The fourth project of this class required me to use neural networks in order to annotate faces with facial landmarks.

Part 1

For the first part, we were tasked with developing a network that can detect the nose tip of each face image provided. First, I developed a custom Dataset and Dataloader which I used to load each image and corresponding nose x and y coordinate. Here is a sample of some images with the groundtruth nose point superimposed in red:

Creating a network to detect nose coordinates

The network I created uses 3 convolutional layers. The first layer has a single input which is the image provided. The output sizes of the layers are 12, 12, and 24 respectively. After, I collapse the convolutional output and feed it into 2 fully connected linear layers. The second FC layer has an output size of 2 for the x,y coordinates of the predicted nose. In order to train the model, I used Adam optimization with MSE (Mean Squared Error) loss.

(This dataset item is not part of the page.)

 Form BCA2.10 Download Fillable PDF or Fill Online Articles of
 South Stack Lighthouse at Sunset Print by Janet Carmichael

I used a learning rate of 0.001 and 20 epochs where each epoch used batches of 4 training images per pass.

Net(
    (conv1): Conv2d(1, 12, kernel_size=(3, 3), stride=(1, 1))
    (conv2): Conv2d(12, 12, kernel_size=(3, 3), stride=(1, 1))
    (conv3): Conv2d(12, 12, kernel_size=(3, 3), stride=(1, 1))
    (fc1): Linear(in_features=480, out_features=84, bias=True)
    (fc2): Linear(in_features=84, out_features=2, bias=True)
)

The validation curve is first calculated after the first batch of training images updates the network weights.

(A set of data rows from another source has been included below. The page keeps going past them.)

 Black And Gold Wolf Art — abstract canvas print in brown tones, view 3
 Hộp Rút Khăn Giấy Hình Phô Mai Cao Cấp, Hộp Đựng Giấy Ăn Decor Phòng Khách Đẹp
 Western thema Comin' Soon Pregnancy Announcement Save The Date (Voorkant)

Examples of Good Predictions. (Green = groundtruth; Red = Prediction)

Examples of Bad Predictions. (Green = groundtruth; Red = Prediction)

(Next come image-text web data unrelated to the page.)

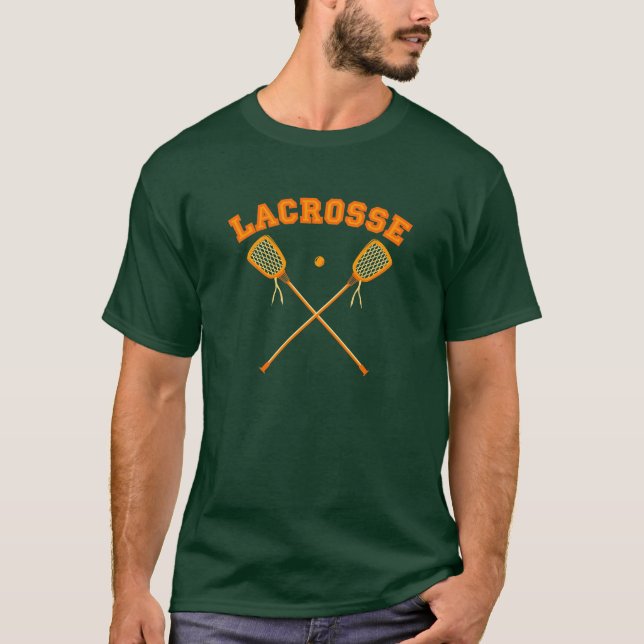 T-shirt Logo orange de lacrosse (Devant)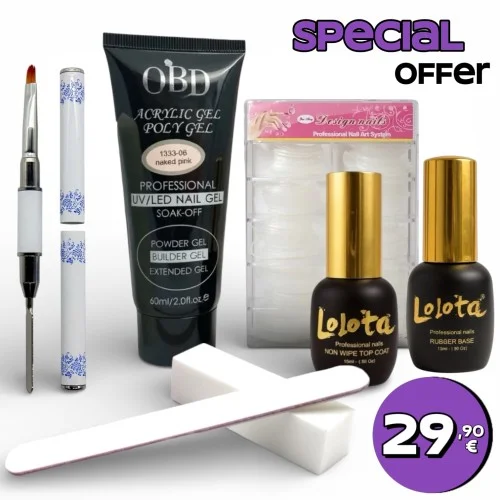 Σετ  AcrylicGel QBD με Dual Forms / Διπλό Πινέλο / Rubber Base και Top Thin No-wipe Lolota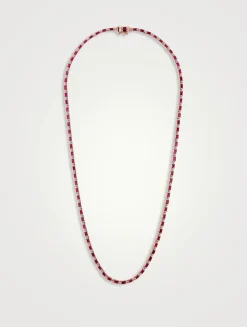 18K Rose Gold Linear Full Ruby Tennis Necklace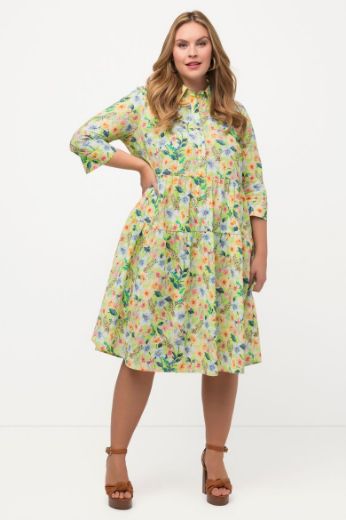 Plus size veliki brojevi Haljina 3/4 rukava A kroja za punije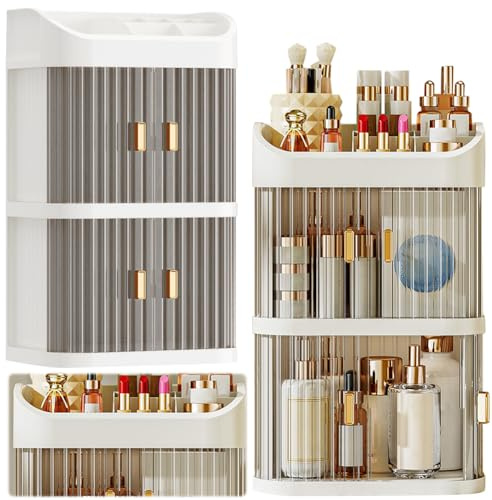 RuiDay Organizzatore Trucco, Vetrina per Cosmetici a 3 Strati, Organizer Trucchi Grande Capacità con Maniglie, Antipolvere e Impermeabile Adatto per Camera da Letto, Toletta, Bagno (Bianco)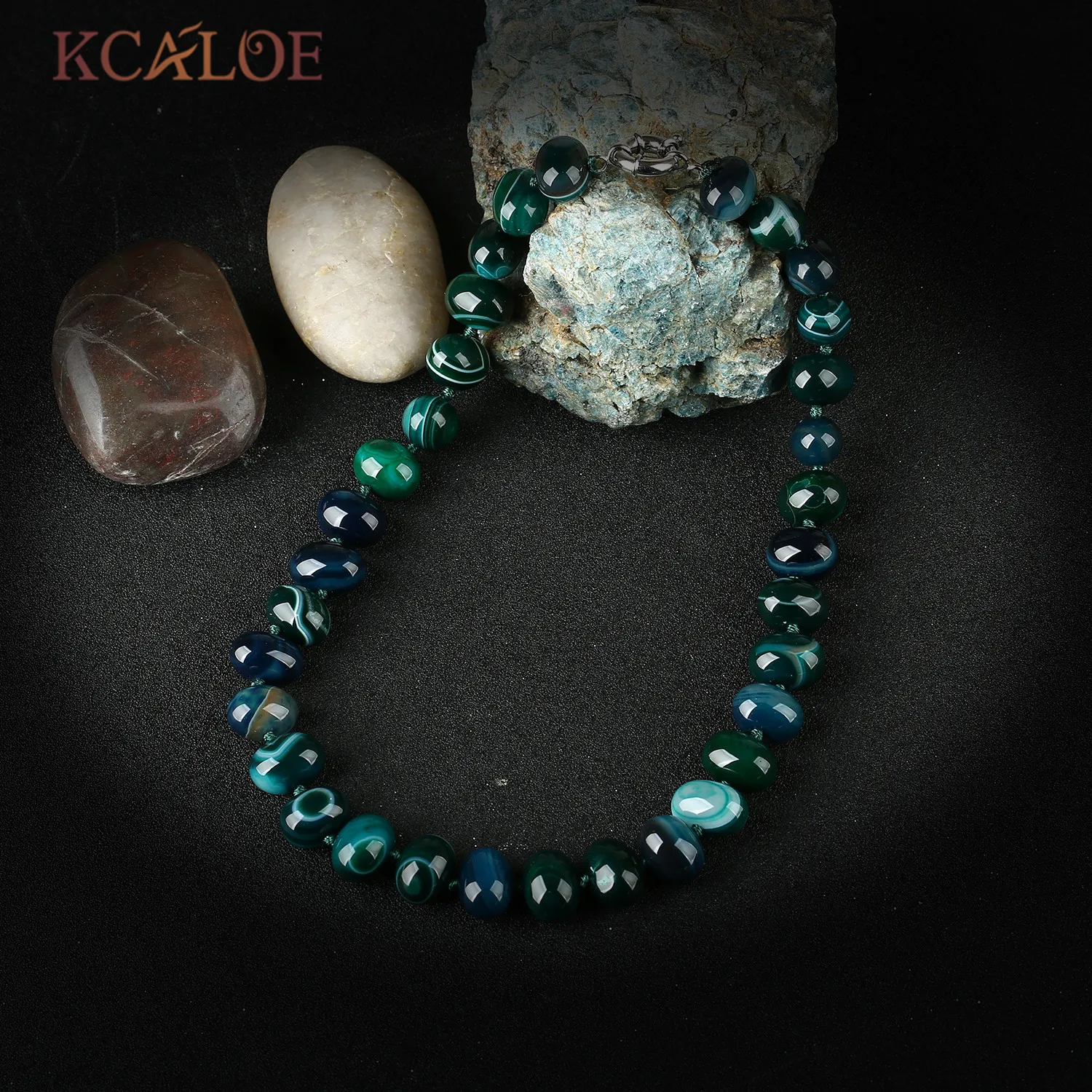 

KCALOE Oval Natural Stone Beads Semi-Precious Stones Necklace Knotted Handmade Onyx Agat Chokers Necklaces For Women Collana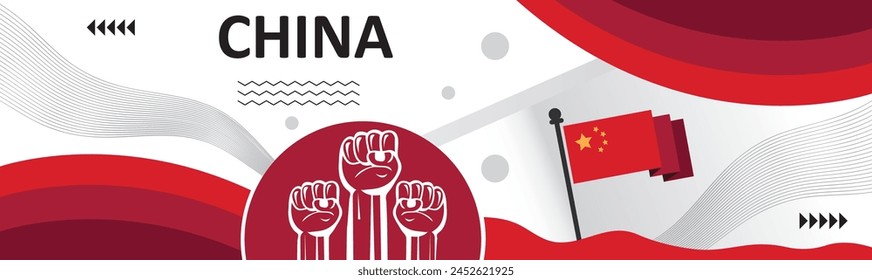 China national day banner with abstract design,creative independence day banner with raising hand. Poster, card, banner, template, for Celebrate annual..eps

We see that the images that cause poor predictions are mostly those where the face is not centered. This is most likely due to the limited training data (192 images). Furthermore, only a small subset of those are training images with off-centered faces. As a result, the network provides more centered predictions even for off centered images.

Part 2

For this part, we were tasked with now predicting all 58 facial points in the same IMM data set. Just like the previous part, I implemented a custom Dataset class with the same functionality as the previous part. I transformed images so that the color in the photo randomly jitters and rotates by a random value from -15 to 15. This allows us to generate more traning points. In my case I generated 1000 training images:

I developed a more complex neural network architecture. I used 5 convolutional layers followd by 2 fully connected layers. The first layer takes in a single input image. layer outputs: 12, 12, 12, 24, 24. I then flattened the output of the last convolutional layer and then used it as input into a linear fully connected layer. The second linear FC layer outputs 116 points since there are 58 points each with x and y component. I used a learning rate of 0.001 and 15 epochs. I also used a batch size of 4 for each iteration of an epoch.

AllFaceNet(
    (conv1): Conv2d(1, 12, kernel_size=(3, 3), stride=(1, 1))
    (conv2): Conv2d(12, 12, kernel_size=(3, 3), stride=(1, 1))
    (conv3): Conv2d(12, 12, kernel_size=(3, 3), stride=(1, 1))
    (conv4): Conv2d(12, 24, kernel_size=(3, 3), stride=(1, 1))
    (conv5): Conv2d(24, 24, kernel_size=(3, 3), stride=(1, 1))
    (fc1): Linear(in_features=360, out_features=232, bias=True)
    (fc2): Linear(in_features=232, out_features=116, bias=True)
)

Examples of Good Predictions. (Green = groundtruth; Red = Prediction)

Examples of Bad Predictions. (Green = groundtruth; Red = Prediction)

The model does decently well but it once again struggles with side profiled images as we can see with the bottom images. The sparsity of side images in the dataset remains since I created new training points with same underlying distribution of the provided dataset.

Learned Filters

Convolution Layer 1

Convolution Layer 2

Convolution Layer 3

Convolution Layer 4

Part 3

In this part, I used the i_bug dataset to generate a much more robust and accurate model which can take any image of a face.

Sample Image from the Dataset with groundtruth points

I used the Resnet18 model for the network. I altered the first layer so that it has 1 input channel for the single channel input image. I also changed the output channel size of the last layer to 136 since there are 68 output points. I trained using the MSE Loss and Adam optimization. I used 20 epochs and learning rate of 0.001. I also used batch size of 4.

Kaggle Score: 13.62127

Sample Testing Set Outputs

Images from my own Collection

Overall, the network does a pretty great job annotating the facial points even with different facial angles and color exposures. The one picture it did not annotate well was the last picture with Jeff Bezos. The facial outline in particular is not well defined. I believe the angle of Bezo's face is novel and thus throwing off the network.